From: Eric Dumazet <dada1@cosmosbay•com>
To: "Ilpo Järvinen" <ilpo.jarvinen@helsinki•fi>
Cc: David Miller <davem@davemloft•net>, Netdev <netdev@vger•kernel.org>
Subject: Re: [PATCH 2/2] [TCP]: Reorganize tcp_sock to fill 64-bit holes & improve locality
Date: Tue, 27 May 2008 07:42:02 +0200 [thread overview]
Message-ID: <483B9F2A.8070804@cosmosbay.com> (raw)
In-Reply-To: <Pine.LNX.4.64.0805211536390.16829@wrl-59.cs.helsinki.fi>
Ilpo Järvinen a écrit :
> I tried to group recovery related fields nearby (non-CA_Open
> related variables, to be more accurate) so that one to three
> cachelines would not be necessary in CA_Open. These are now
> contiguously deployed:
>
> struct sk_buff_head out_of_order_queue; /* 1968 80 */
> /* --- cacheline 32 boundary (2048 bytes) --- */
> struct tcp_sack_block duplicate_sack[1]; /* 2048 8 */
> struct tcp_sack_block selective_acks[4]; /* 2056 32 */
> struct tcp_sack_block recv_sack_cache[4]; /* 2088 32 */
> /* --- cacheline 33 boundary (2112 bytes) was 8 bytes ago --- */
> struct sk_buff * highest_sack; /* 2120 8 */
> int lost_cnt_hint; /* 2128 4 */
> int retransmit_cnt_hint; /* 2132 4 */
> u32 lost_retrans_low; /* 2136 4 */
> u8 reordering; /* 2140 1 */
> u8 keepalive_probes; /* 2141 1 */
>
> /* XXX 2 bytes hole, try to pack */
>
> u32 prior_ssthresh; /* 2144 4 */
> u32 high_seq; /* 2148 4 */
> u32 retrans_stamp; /* 2152 4 */
> u32 undo_marker; /* 2156 4 */
> int undo_retrans; /* 2160 4 */
> u32 total_retrans; /* 2164 4 */
>
> ...and they're then followed by URG slowpath & keepalive related
> variables.
>
> Head of the out_of_order_queue always needed for empty checks,
> if that's empty (and TCP is in CA_Open), following ~200 bytes
> (in 64-bit) shouldn't be necessary for anything.
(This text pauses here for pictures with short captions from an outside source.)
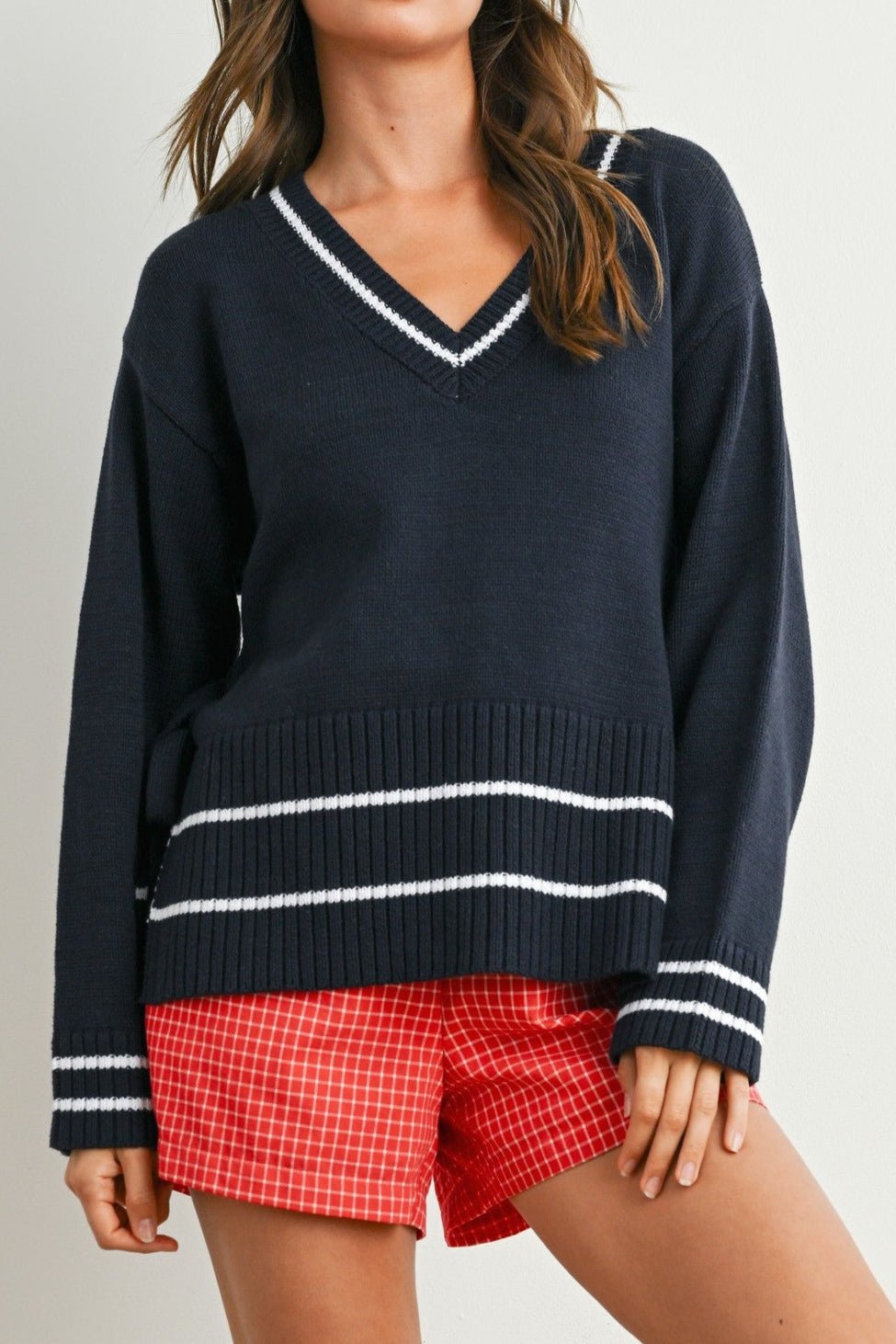 Sadie Side Tie V - Neck Sweater Top - Neutral Ground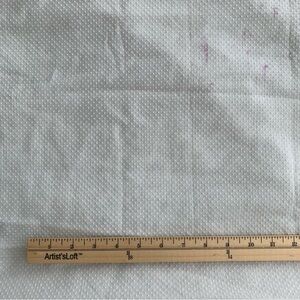 Fabric | Very Vintage White Linen Dotted Swiss, Flocked Dots, 44" x 1.5+ yards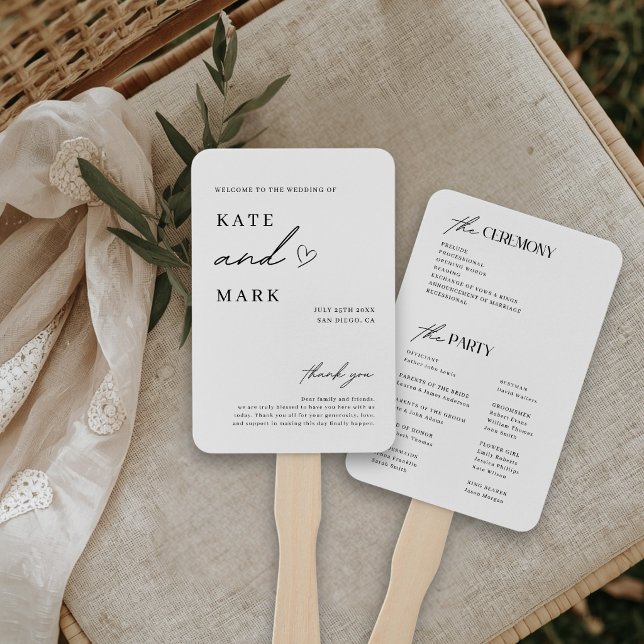 Minimalistisches Hochzeitsprogramm-Handfächer Fächer (Von Creator hochgeladen)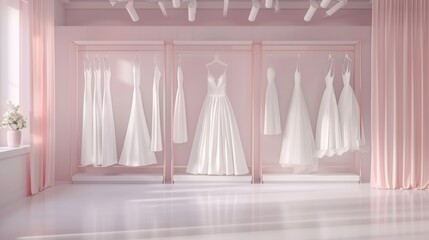 White wedding dresses hanging on racks in a pink bridal shop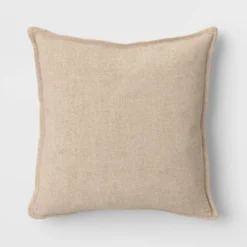 Square Linen Reversible Throw Pillow With Flange Contrast Neutral/Gold - Threshold™ -Threshold GUEST 10b673b0 4227 4f40 9637 b8c2680134d2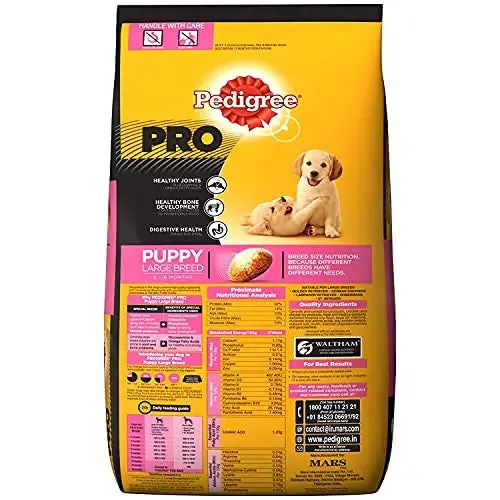 Pedigree PRO Puppy Large Breed (3-18 Months), Dry Dog Food, (20KG, Brown)
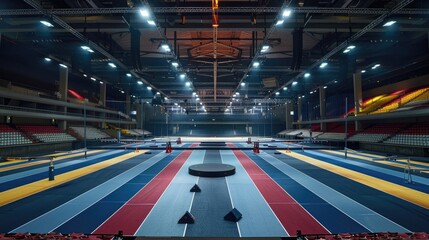 Gymnastics arena in Paris, fully equipped and ready for the Olympics, with no people present.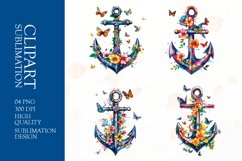 Watercolor anchor clipart sublimation Product Image 1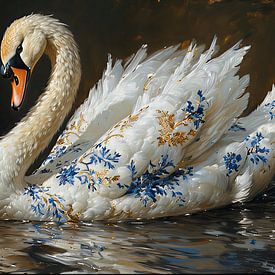 Cygne bleu en or blanc. sur J.a Dijkstra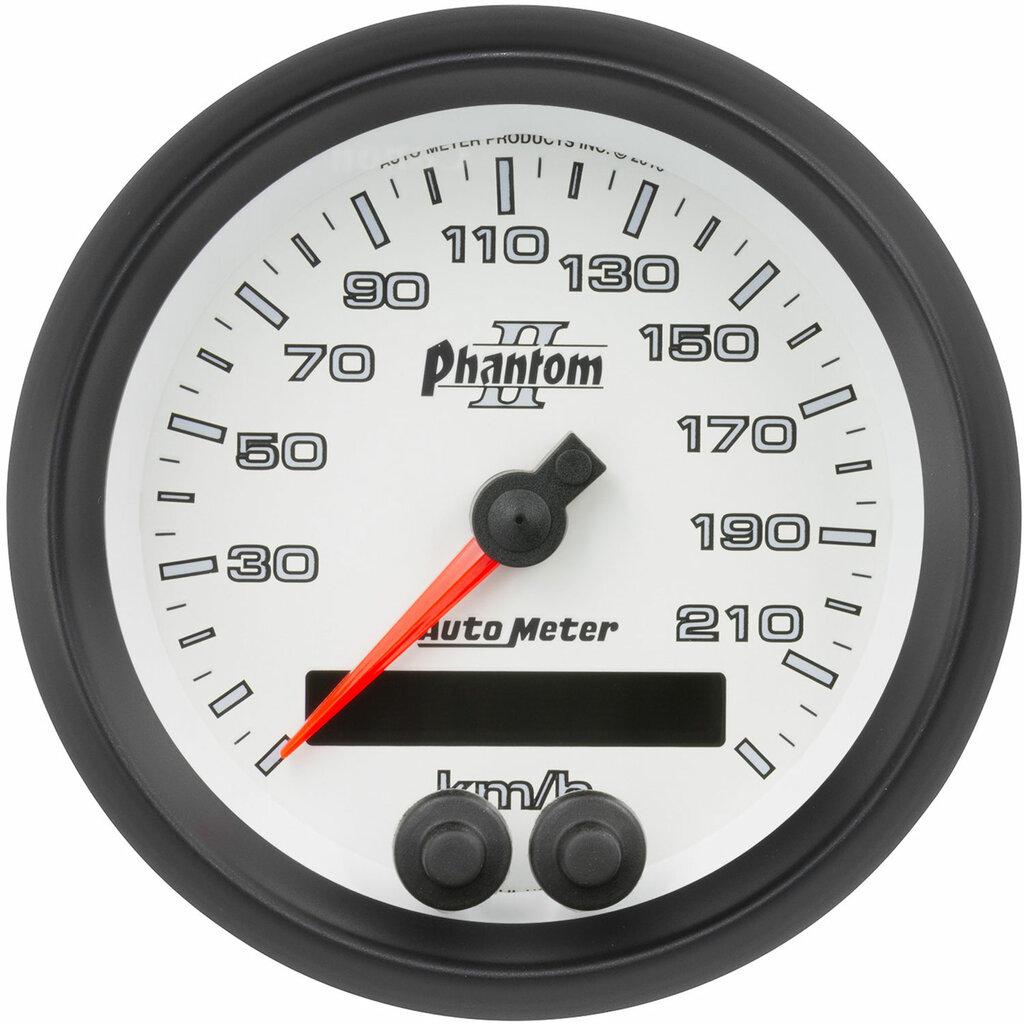 Auto Meter 3-3/8" SPEEDO, 225 km/h, GPS, PHANTOM II - 7580-M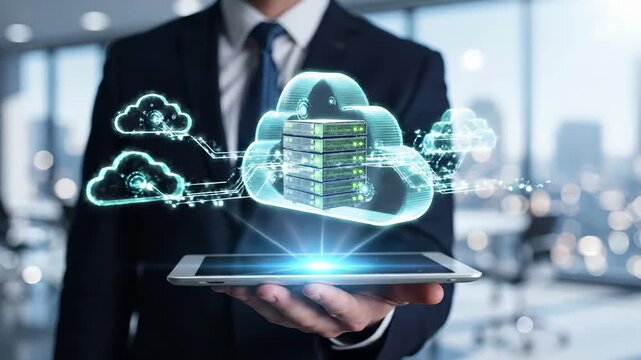Business executive holding tablet with cloud server network and data storage infrastructure. Computing technology and enterprise database hosting service for digital management and secure migration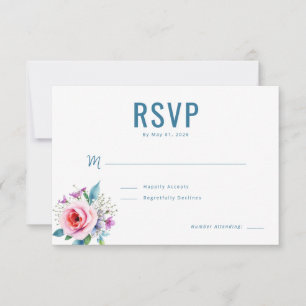 Réponse RSVP Fleur Bleue Sérénité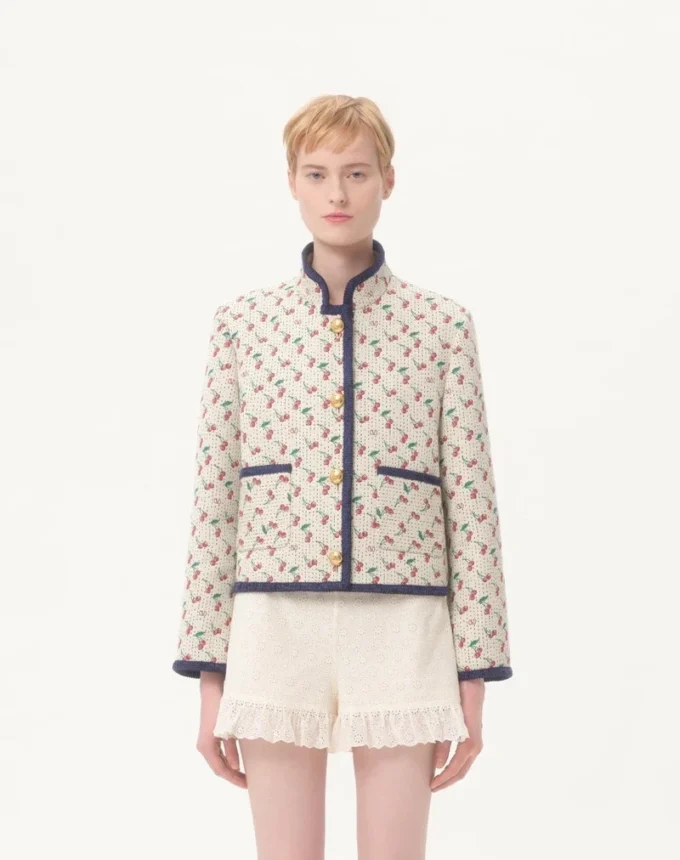 Pikowana kurtka typu caban z nadrukiem Cherryfic Jacquard Pikowana kurtka typu caban z nadrukiem Cherryfic Jacquard
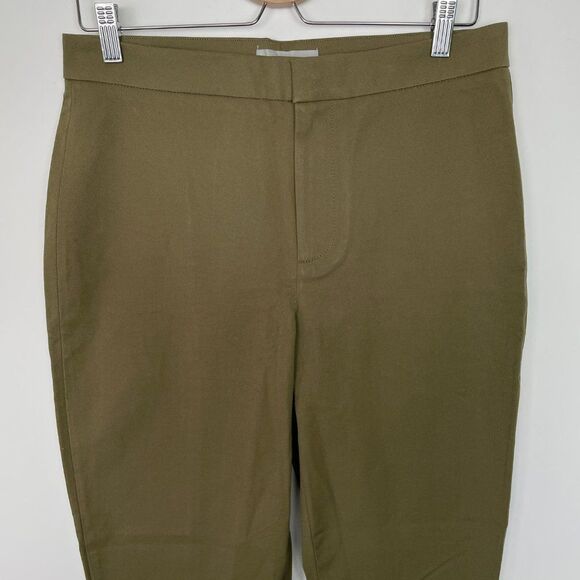 Everlane The Fixed Waist Stretch Cotton Work High Rise Pant Olive Green 10 - Picture 5 of 11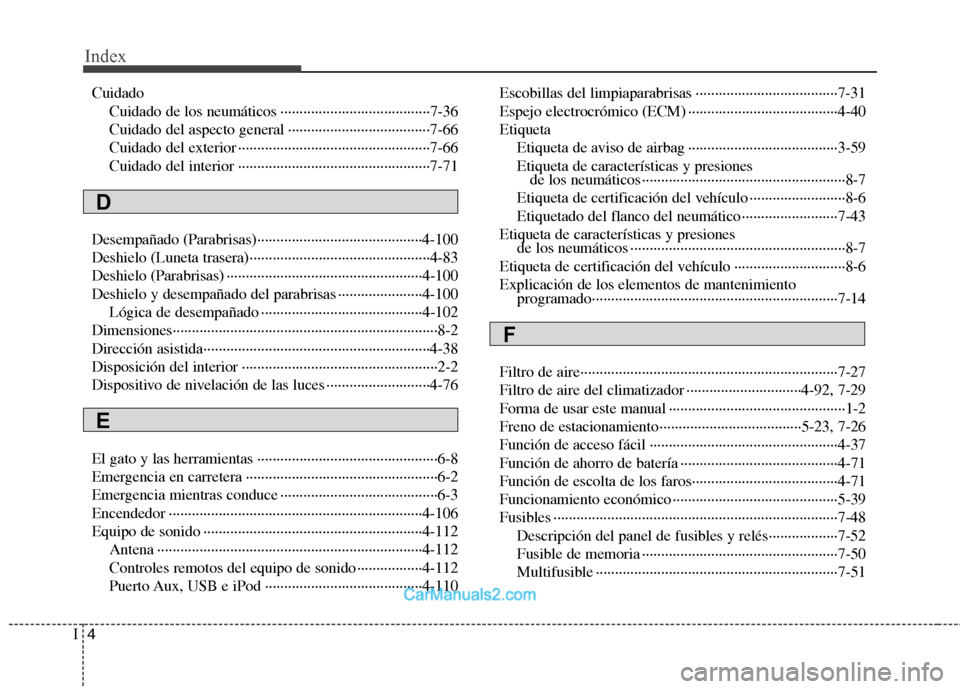 Hyundai Sonata 2011  Manual del propietario (in Spanish) Index
4
I
Cuidado
Cuidado de los neumáticos ·······································7-36 
Cuidado del aspecto general ·····················�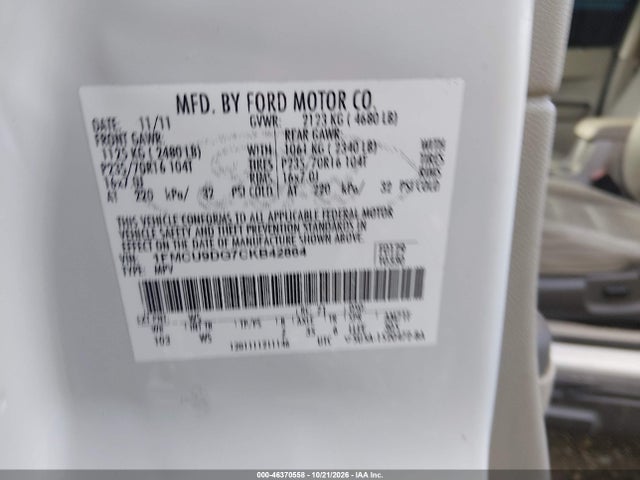 Продаж на аукціоні авто 2012 Ford Escape Xlt, vin: 1FMCU9DG7CKB42864, номер лоту: 46370558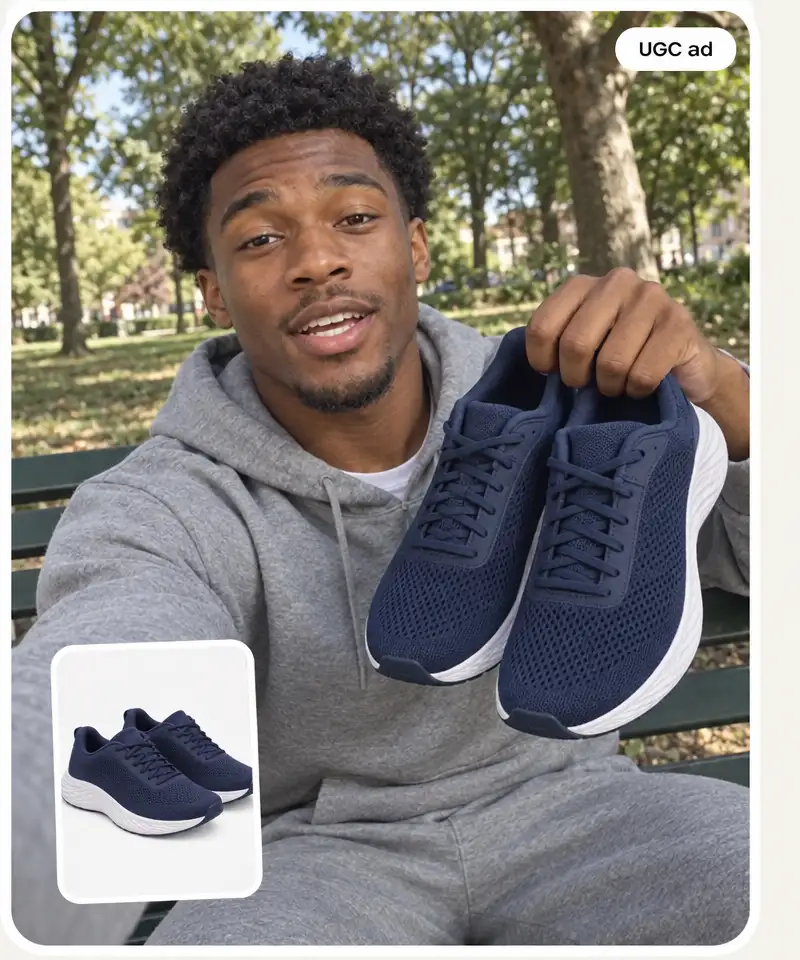 A catalog photo of running shoes next to a UGC-style ad of a man holding those shoes
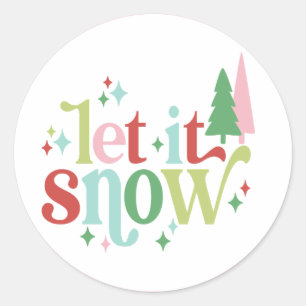 Sticker Rond Noël rétro Laisse-le neiger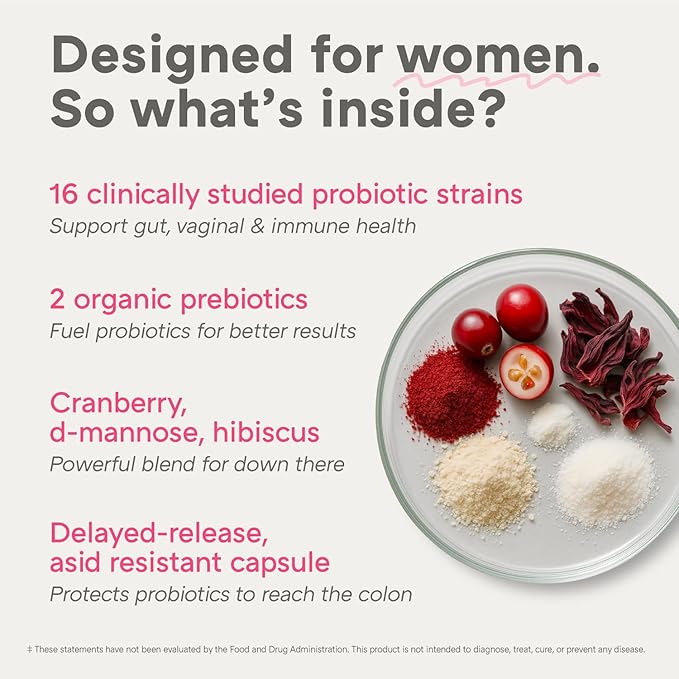 Complete Probiotics for Women - Vaginal, UT, Digestive & Immune Health - 60 Billion CFU, 16 Strains, Prebiotics and Probiotics for Women pH Balance Healthy Vaginal Odor - Once Daily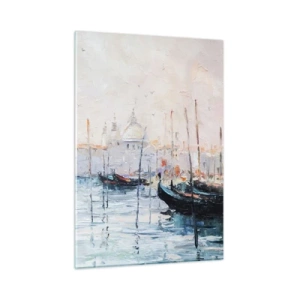 Impression sur verre - Image sur verre - Paysage impressionniste avec bateaux et bâtiments - 50x70cm - Derrière l'eau, derrière le brouillard - Décoration murale moderne pour le salon et la chambre ARTTOR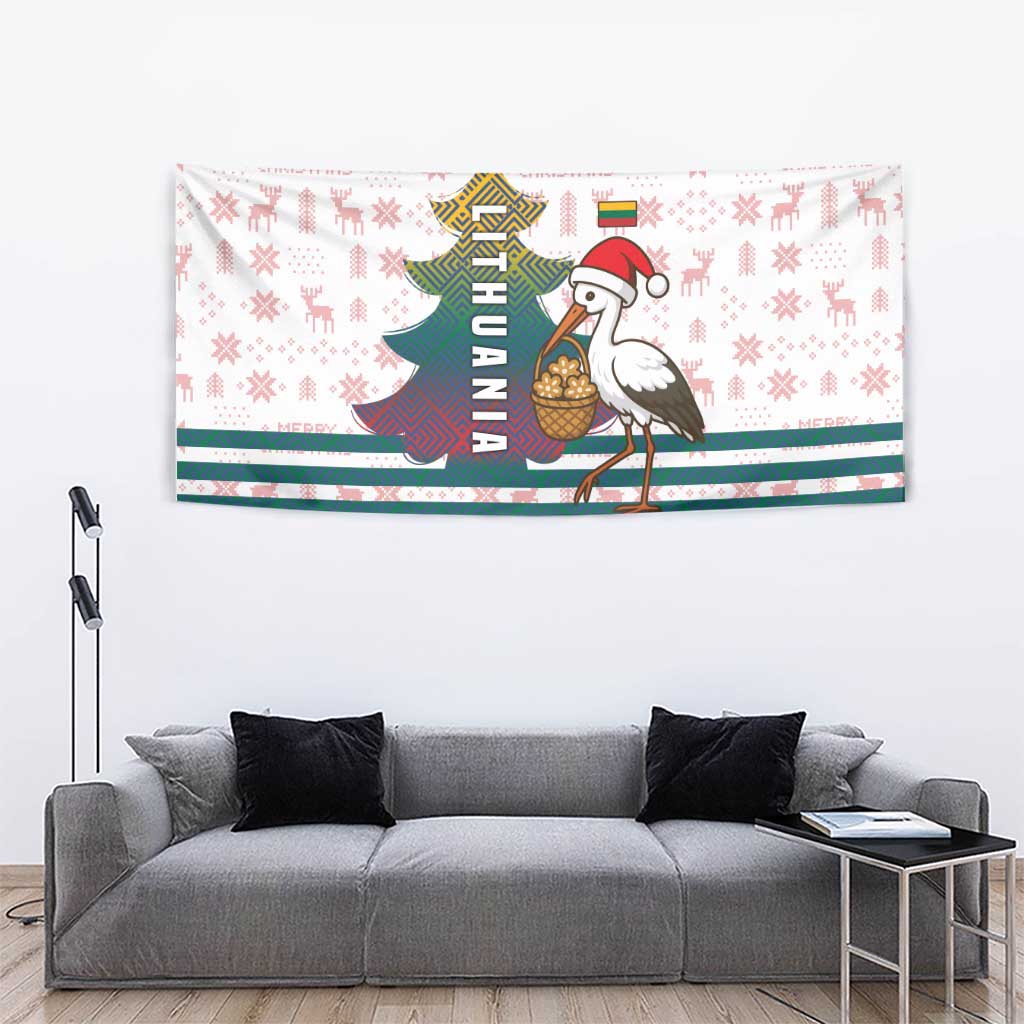 Lithuania Christmas Tapestry with Stork Basket Snowflakes and Traditional Pattern Design - Wonder Print Shop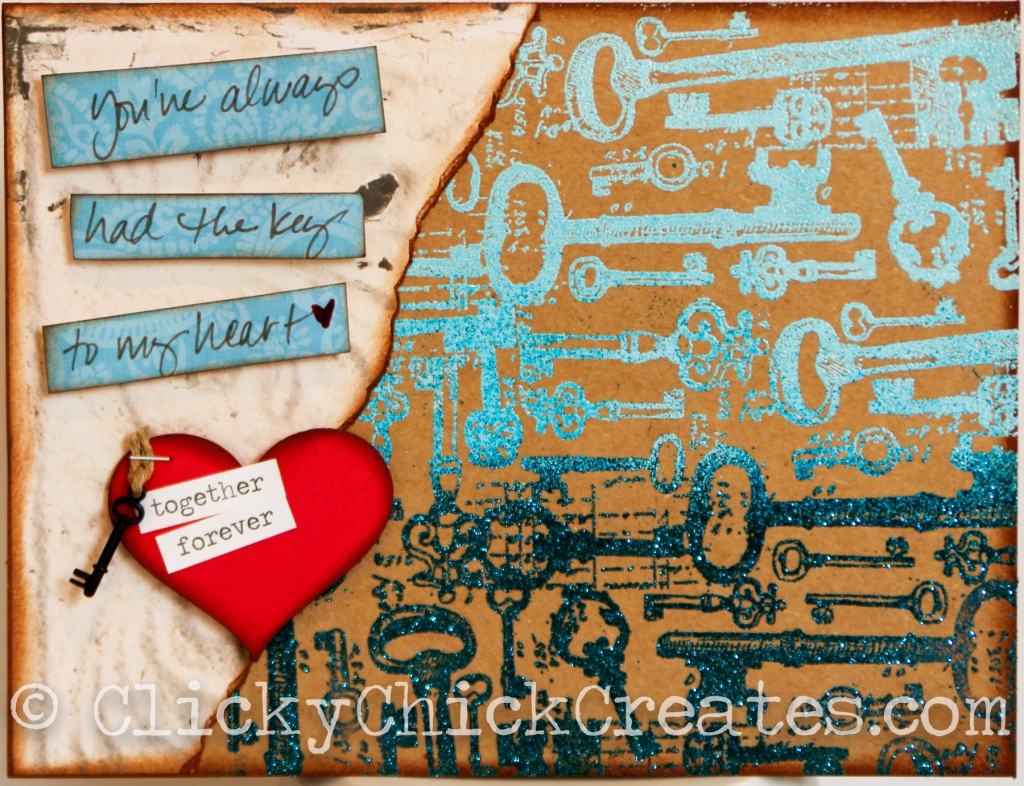 Connie Hanks Photography // ClickyChickCreates.com // You've Always Had the Key to My Heart card, embossed, gradient, distressed, manly, metal key embellishment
If only OFO
> queue exists but TCP is in CA_Open, selective_acks (and possibly
> duplicate_sack) are necessary besides the out_of_order_queue
> but the rest of the block again shouldn't be (ie., the other
> direction had losses).
>
> As the cacheline boundaries depend on many factors in the
> preceeding stuff, trying to align considering them doesn't
> make too much sense.
>
> Commented one ordering hazard.
>
> There are number of low utilized u8/16s that could be combined
> get 2 bytes less in total so that the hole could be made to vanish
> (includes at least ecn_flags, urg_data, urg_mode, frto_counter,
> nonagle).
>
> Signed-off-by: Ilpo Järvinen <ilpo.jarvinen@helsinki•fi>
> Cc: Eric Dumazet <dada1@cosmosbay•com>
>
Thanks Ilpo for this work. This looks very good.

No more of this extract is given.